_Requirement:_ For the records that follow, please set down exactly the lines between the one holding "Old School - White" and the one holding "tranh tô màu đám mây chibi", inclusive, and only those.

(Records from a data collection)
^^^^^^^^^^^^^^^^

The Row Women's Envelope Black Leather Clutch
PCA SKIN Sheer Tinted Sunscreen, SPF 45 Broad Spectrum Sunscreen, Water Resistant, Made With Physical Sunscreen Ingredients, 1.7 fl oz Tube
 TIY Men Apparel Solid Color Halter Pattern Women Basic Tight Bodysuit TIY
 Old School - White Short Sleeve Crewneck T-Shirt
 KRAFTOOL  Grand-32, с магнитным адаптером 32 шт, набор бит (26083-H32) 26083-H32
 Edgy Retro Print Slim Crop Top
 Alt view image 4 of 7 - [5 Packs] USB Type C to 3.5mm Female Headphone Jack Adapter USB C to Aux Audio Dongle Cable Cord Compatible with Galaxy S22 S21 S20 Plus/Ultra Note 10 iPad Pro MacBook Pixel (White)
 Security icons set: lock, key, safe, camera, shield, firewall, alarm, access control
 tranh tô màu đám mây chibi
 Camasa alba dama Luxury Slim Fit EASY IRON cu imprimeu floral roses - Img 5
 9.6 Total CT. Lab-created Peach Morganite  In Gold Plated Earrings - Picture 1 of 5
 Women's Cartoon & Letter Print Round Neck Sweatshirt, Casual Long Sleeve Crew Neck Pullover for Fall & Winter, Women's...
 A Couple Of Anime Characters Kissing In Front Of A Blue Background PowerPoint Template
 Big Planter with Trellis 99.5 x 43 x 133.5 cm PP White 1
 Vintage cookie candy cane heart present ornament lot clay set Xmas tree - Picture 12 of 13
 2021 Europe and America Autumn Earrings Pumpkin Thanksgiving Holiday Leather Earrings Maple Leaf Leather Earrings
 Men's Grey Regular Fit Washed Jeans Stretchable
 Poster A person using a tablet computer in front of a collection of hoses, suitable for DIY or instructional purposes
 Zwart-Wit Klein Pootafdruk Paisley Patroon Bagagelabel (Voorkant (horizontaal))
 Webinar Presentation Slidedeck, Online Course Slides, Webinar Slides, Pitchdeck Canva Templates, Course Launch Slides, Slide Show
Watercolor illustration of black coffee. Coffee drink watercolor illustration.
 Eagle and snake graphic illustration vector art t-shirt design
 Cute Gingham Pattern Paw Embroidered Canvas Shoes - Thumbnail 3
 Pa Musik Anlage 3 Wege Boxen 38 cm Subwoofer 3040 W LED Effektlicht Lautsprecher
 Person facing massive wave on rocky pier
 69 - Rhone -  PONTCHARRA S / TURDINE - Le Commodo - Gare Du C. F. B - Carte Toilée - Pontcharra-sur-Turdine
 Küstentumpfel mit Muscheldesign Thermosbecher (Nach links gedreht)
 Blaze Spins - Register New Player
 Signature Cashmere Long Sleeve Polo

^^^^^^^^^^^^^^^^

_Solution to the exercise:_
 Old School - White Short Sleeve Crewneck T-Shirt
 KRAFTOOL  Grand-32, с магнитным адаптером 32 шт, набор бит (26083-H32) 26083-H32
 Edgy Retro Print Slim Crop Top
 Alt view image 4 of 7 - [5 Packs] USB Type C to 3.5mm Female Headphone Jack Adapter USB C to Aux Audio Dongle Cable Cord Compatible with Galaxy S22 S21 S20 Plus/Ultra Note 10 iPad Pro MacBook Pixel (White)
 Security icons set: lock, key, safe, camera, shield, firewall, alarm, access control
 tranh tô màu đám mây chibi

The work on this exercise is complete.